Sunday, 12 May 2019

Be afraid... be very afraid... of mums: A Mother's Day remembrance

It was my mother who taught me fear. Better yet, we got to be afraid together.
I was the kind of kid who loved reading comic books and science fiction, fantasy and anything a little bit weird - still am that kind of kid, just add a few decades.
But it was fear that brought the pair of us together. You see... she loved horror.
My dad was never into horror - to this day I remember the disgust in his voice one weekend when I watched Army of Darkness while he was in the room, definitely not his cup of tea. So when my mum wanted to watch horror movies... well, that's where I came in.
She didn't like watching horror movies alone, so junior me was her company.
Hammer Horror movies are my first memory of watching such films as a kid - seeing Peter Cushing and Christopher Lee battle it out as Van Helsing and Dracula, or in any number of a bunch of other roles in that era.


Steely-eyed and brandishing a crucifix - Peter Cushing at his finest.

And so I discovered vampires - and later, when Peter Cushing appeared in Star Wars, gasped at him being a bad guy instead of our earnest hero.
Earnest heroes were in vogue around then - other movies I remember from around that time were the Quatermass movies, with the gruff professor of the title fighting all manner of alien beings.


"I can assure you this is not what I ordered from the menu!"

Then there were the Val Lewton movies, such as the exquisite Cat People starring Simone Simon, or I Walked With A Zombie. That era of movies also brought what is still, to this day, one of my favourite horror movies - The Haunting, directed by Robert Wise, a story recently evolved into a Netflix drama, The Haunting of Hill House. We both shrieked through the black and white horrors, often scarier than modern-day movies because without special effects, the horrors remained in the imagination, which can conjure up creatures far more terrifying than anything on screen.
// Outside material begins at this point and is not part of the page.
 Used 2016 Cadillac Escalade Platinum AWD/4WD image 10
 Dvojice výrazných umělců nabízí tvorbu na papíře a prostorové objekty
The Haunting - so terrifying because the monsters are in your head

We used to watch these late at night, usually a Friday or Saturday night. Back then, there were only three channels to watch - and late-night Friday and Saturday on ITV in the UK was when the horrors came out to play. 
The choice of movies was sometimes... eccentric. But that could be good - odd things surfaced such as the Australian horror movie Harlequin, with Robert Powell as a messiah figure... a deadly one. 
Creaky old American horrors also showed up - which brought gems among them such as Them! - in which giant radioactive ants menaced the nation, and along with them, British horrors such as The Day The Earth Caught Fire - to this day one of the best representations of the press in sci-fi movies.


"Movie outfit? No, this is my regular clothing."
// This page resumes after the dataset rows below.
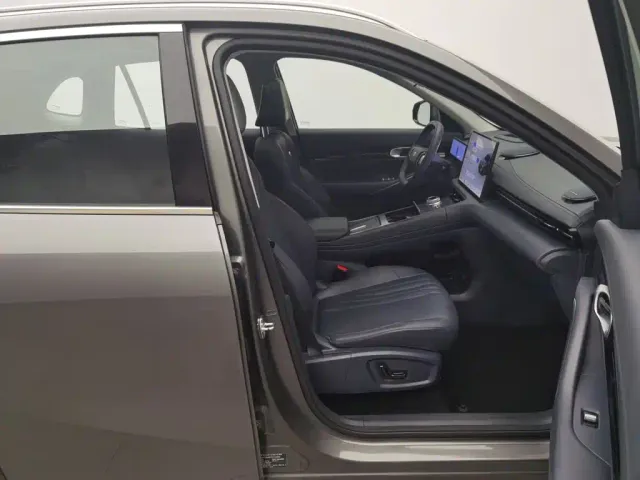 Geely Galaxy E5 — Фото автомобиля 23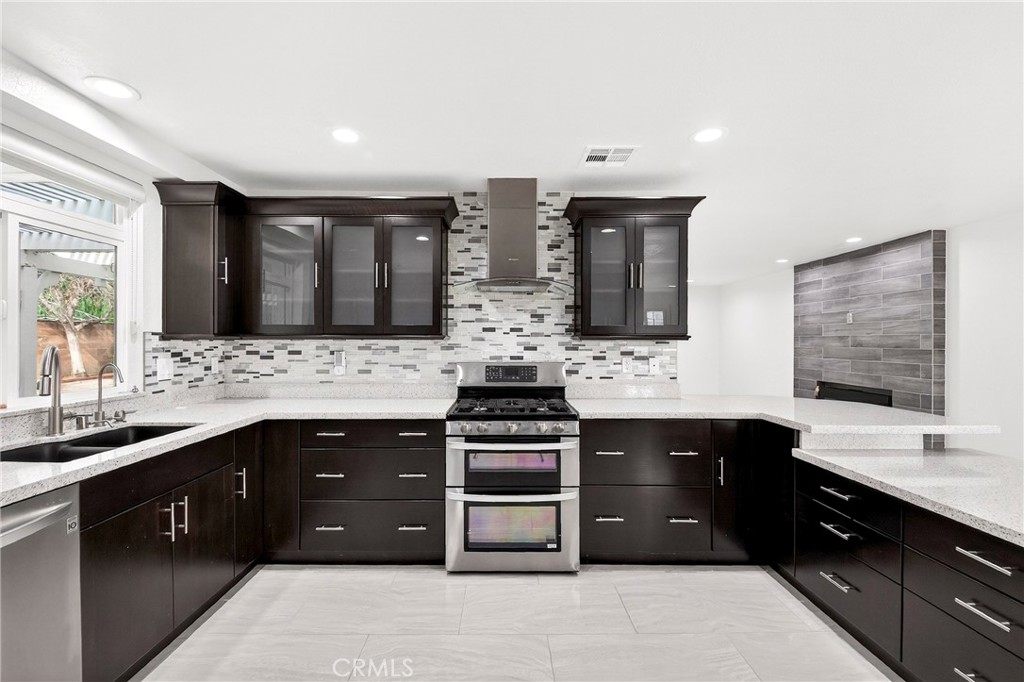 19361 Plummer Street Northridge, CA 91324 - Photo 15 of 35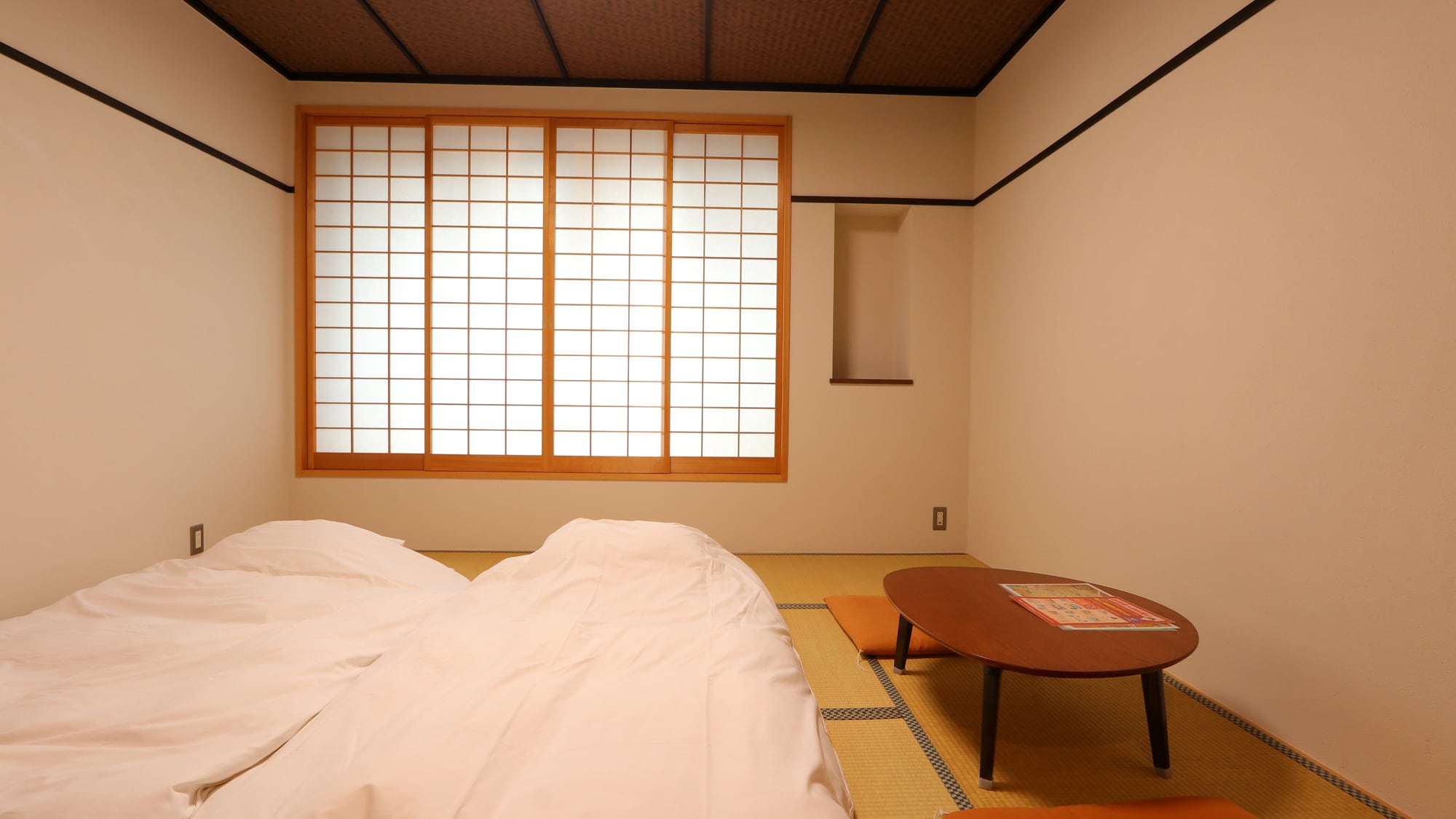 [8 tatami Japanese-style room] Please relax in a clean room.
As time went on, there were other scares to come. My mum was a Stephen King fan, and in 1979, that meant the mini-series of Salem's Lot. I was seven that year, and to this day, I can still see Danny Glick floating outside the window... 
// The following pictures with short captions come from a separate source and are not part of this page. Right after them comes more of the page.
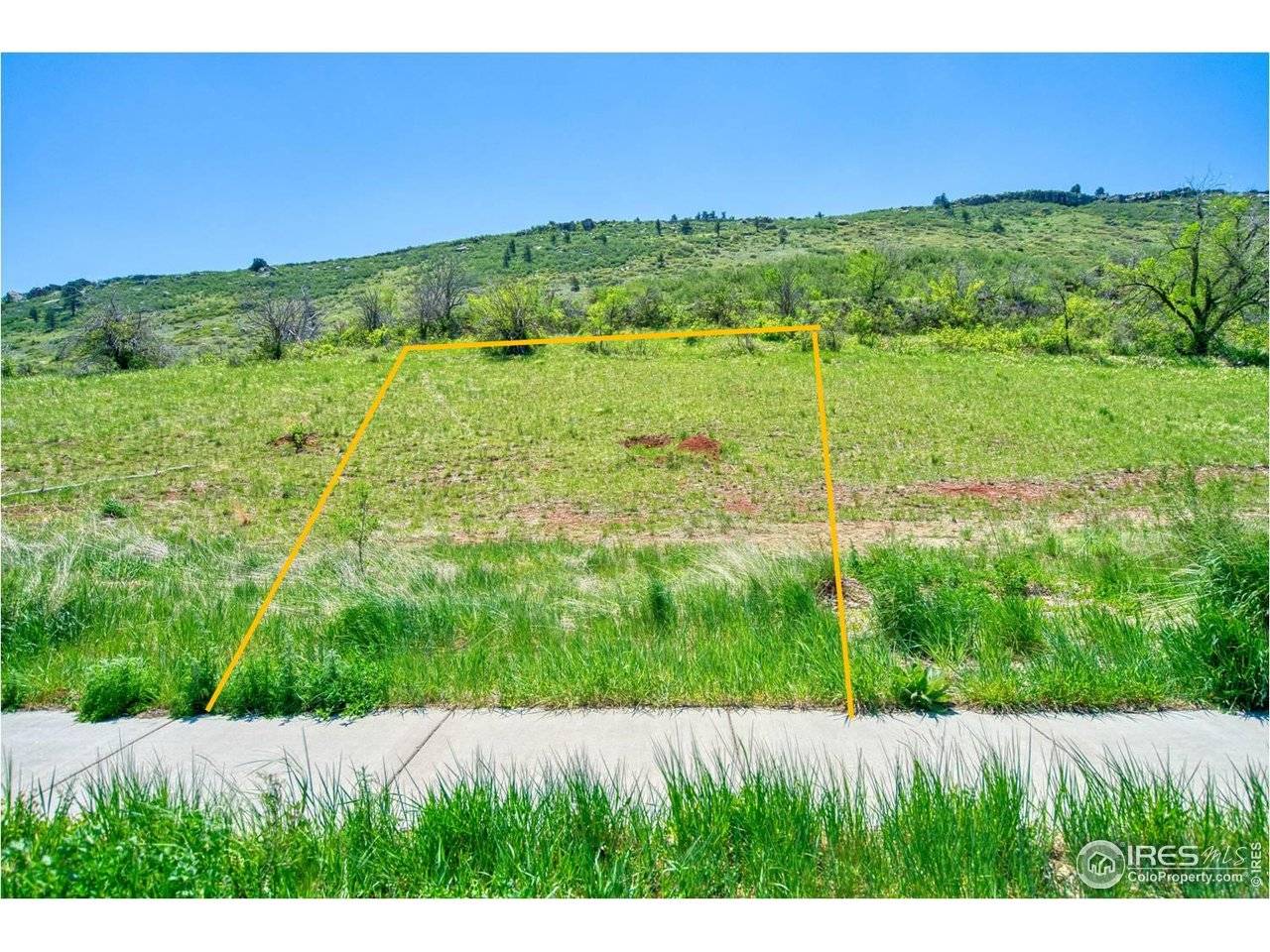350 McConnell, Lyons, CO 80540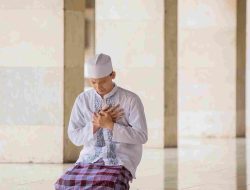 Sakit? Jangan Hanya Berobat, Ini Kekuatan Doa Menurut Islam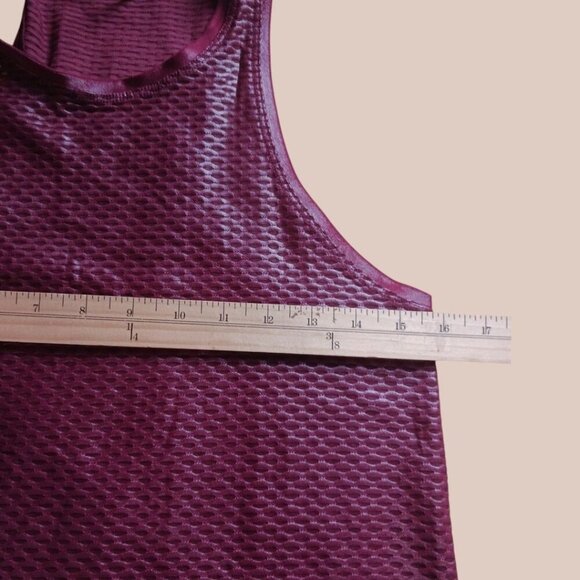 Koral Womens Shiny Sleeveless Racerback & net pattern Top  Burgundy Size Xsmall - Picture 9 of 10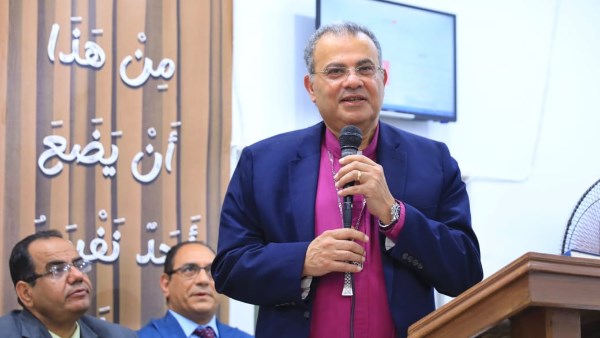 رئيس الطائفة الإنجيلية يشهد تنصيب القس مدحت ناشد راعيًا للكنيسة بطامية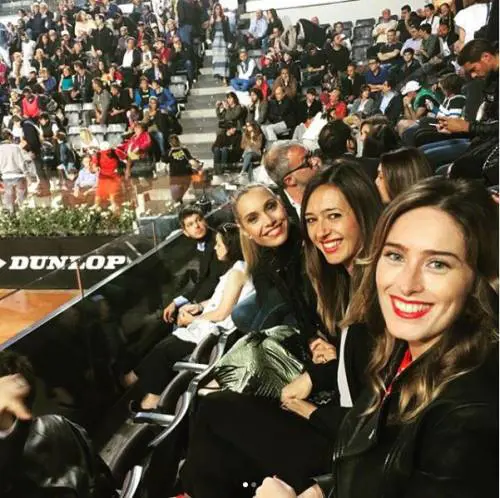 La Boschi va in tribuna agli internazionali di tennis (con due amiche)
Seriously, dude, do NOT let him in. You're on the second floor, for crying out loud. 

Then came the movie that took me several attempts to watch, because it scared me so much. 
Alien really was the movie that made me hide behind the sofa. 


From left to right, you're not getting a payrise, you're about to become a superstar, you're about to lose your head.

It all seemed so convincing. The crew of the Nostromo weren't polished, smooth heroes. No square jaws. Just a dingy, run-down ship and a bunch of people who make mistakes. Death came inevitably, but these people felt like folk you might know, that you might see on the street around your house. They might be deep in space, but it brought the terror close to home. 
By this time, I was hooked. And it was thanks to my mum. 
In later years, she told me my grandmother did the same with her. As a child, my mum was dragged along to the cinema to see every scary movie that came to Derry. 
There are many things that get handed down in life - a love of horror doesn't often get listed among them. 
My mum's no longer with me - but it's Mother's Day today, and it seems to me there can be no better way to remember her than to settle down and watch a horror.
Thanks, mum - oh, and when your granddaughter's old enough? She'll be staying up with me to hide behind the sofa too. 
Happy Mother's Day.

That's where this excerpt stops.